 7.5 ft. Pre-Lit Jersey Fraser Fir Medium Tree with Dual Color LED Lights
—————
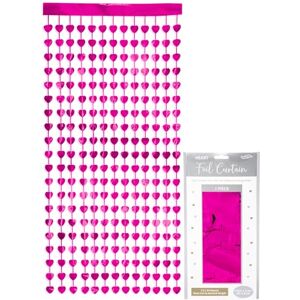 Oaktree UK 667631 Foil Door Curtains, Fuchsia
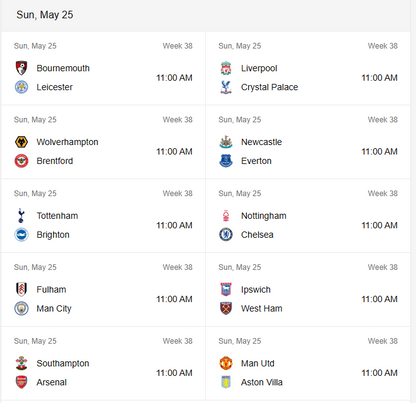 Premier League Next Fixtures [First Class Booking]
—————
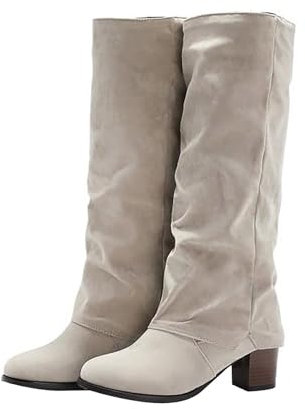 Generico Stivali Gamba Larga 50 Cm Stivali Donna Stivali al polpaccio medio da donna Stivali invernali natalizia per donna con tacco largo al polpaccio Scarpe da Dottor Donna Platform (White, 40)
—————
*PROBLEM:* In the data above, find the line containing "Oaktree UK 667631" and the line containing "Premier League Next". Copy exactly the stretch from the first through the second, both included, leaving out any picture.

*SOLUTION:*
 Oaktree UK 667631 Foil Door Curtains, Fuchsia
 Premier League Next Fixtures [First Class Booking]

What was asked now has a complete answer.